There was still a question of paying Barry a final balance and refunding Neil his deposit. I took over the 'admin' side of the trip liaising with Barry. I collected monies, sent Barry £17500 and then had a couple of sleepless nights when it wasn't delivered - Barry hadn't realised his account details had changed. TransferWise allowed one redirection and after a couple of days it arrived in his account, much to our relief. There were now eight of us going, six (Brian, Duncan, Mike, Paul, Rod and me) for the whole trip, Marc who wasn't staying for the last part (Apolo) and Malcolm whom was joining three days in (after) Riberalta.


Four of us were flying out with Avianca and had 17 hours in Bogota between flights. I tried to arrange some birding but was unable to find a guide with vehicle who was available and prepared to help us at a reasonably price. It soon became clear that my preferred option (Monterredondo) wasn't really feasible. At least the time at Bogota airport could be usefully devoted to last minute reading of reports. A week or so before departure Duncan and I received an email from Avianca, in Spanish, telling us not to be concerned because they were making every effort to mitigate the effects of a long running pilots strike! This only served to increase stress levels although monitoring flight departures showed all relevant flights the previous week had gone and none were more than 4 hours late. That our Ecojet La Paz to Riberalta flight had been put back gave us 8 hours to make that connection.

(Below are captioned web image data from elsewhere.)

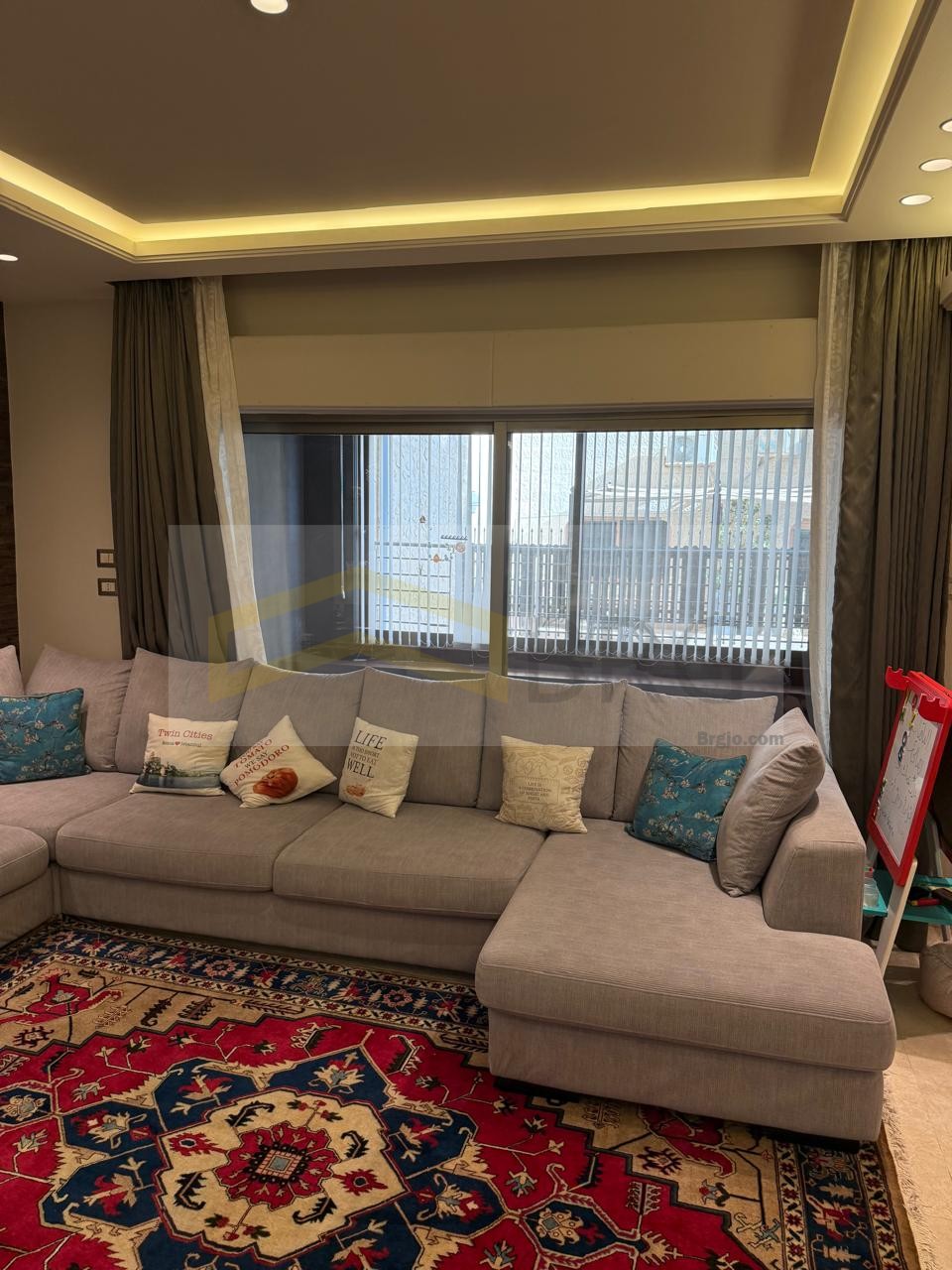 0724bc36-ebe4-4784-ae90-7ad9db7f4046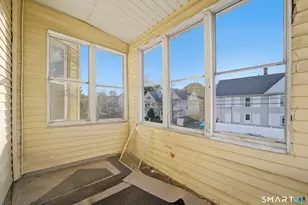 797-799 Beechwood Ave, Bridgeport, CT 06605 - Photo 31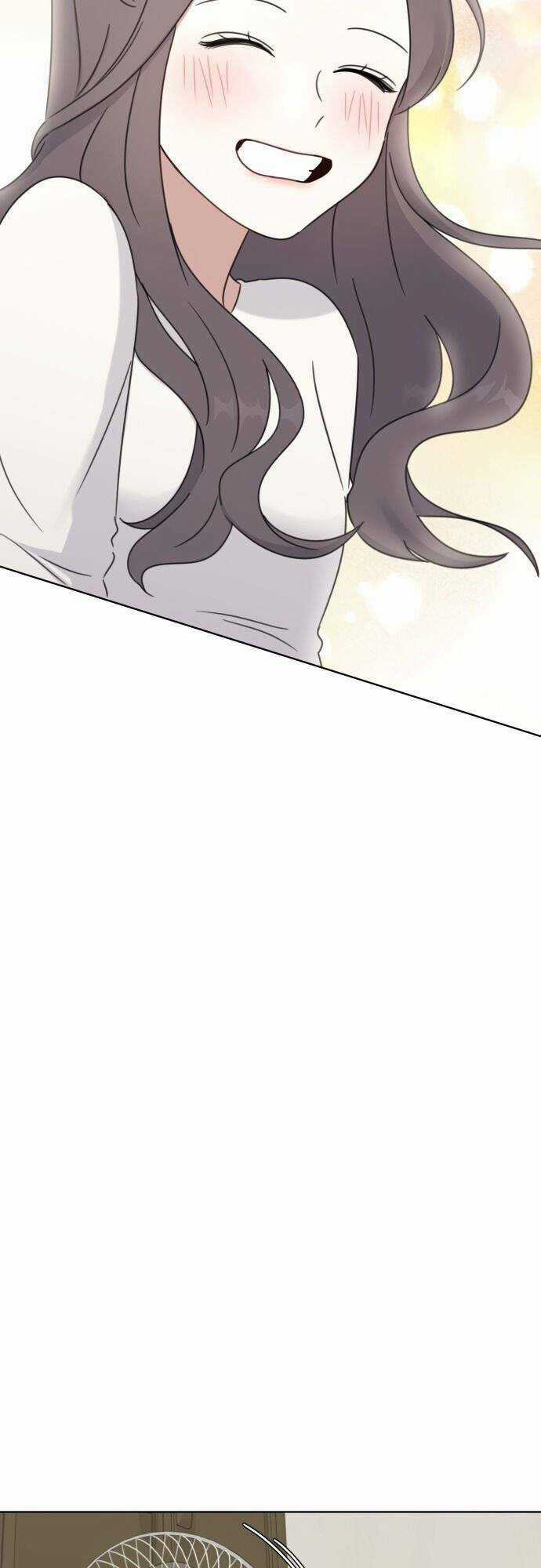 Ngắm Nhìn Điều Tuyệt Vời Nhất Chapter 5 trang 46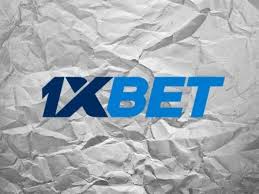 1xBet Корея Скачать приложение для ставок на спорт -1800042698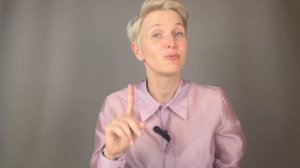 Хотите прокачать ВЭД? Оптимизировать логистику? Начать закупать в Азии?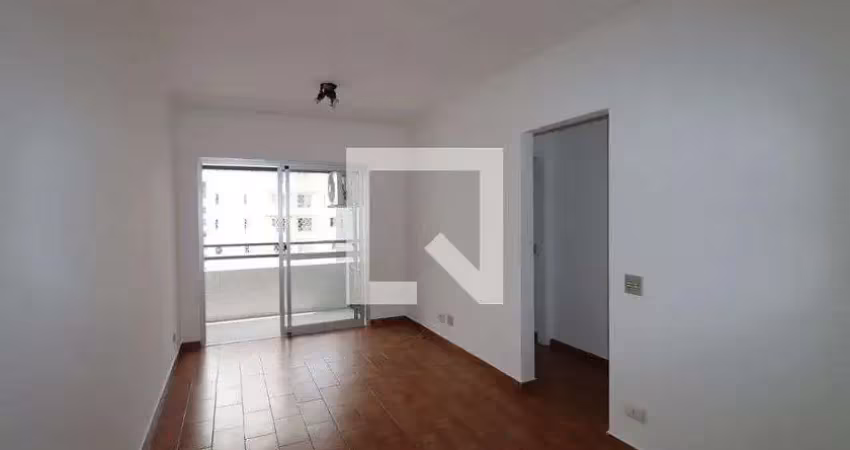 Cobertura para aluguel - vila pompéia, 3 quartos,  78 m² - são paulo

On the evening of 7 December I met Brian, Duncan and Rod at Heathrow's Terminal 2 to check in for our Avianca flight. It was on the board and scheduled to be on time so everything was looking good. That is until Rod was refused check in. His passport had a corner of its clear cover to the photograph page coming away by about 5mm. It seemed amazingly trivial but apparently a passenger with similar had been let on the flight a couple of weeks earlier but was refused entry into Bolivia, turned back and Avianca fined £2000. Rod was understandably incredibly dejected, and we were all pretty shell shocked by the triviality of it and felt greatly for him. A trip lost for a stick of glue, although having been spotted by the airline staff representing a 'mended' passport was unlikely to have worked. Rod caught a coach to Victoria and present himself at the Passport Office nearby the next morning hoping to obtain a new 24 hours passport so he could join us in Trinidad with Malcolm, only missing 3 days of the trip. At the Passport Office he encountered further mindless
 bureaucracy (or another ultimate jobsworth) as he had to provide 'justification' for his damaged passport (it's been used a lot and wasn't made well enough to stand it?) significantly delaying the process and very sadly he did not make it. We all missed his company.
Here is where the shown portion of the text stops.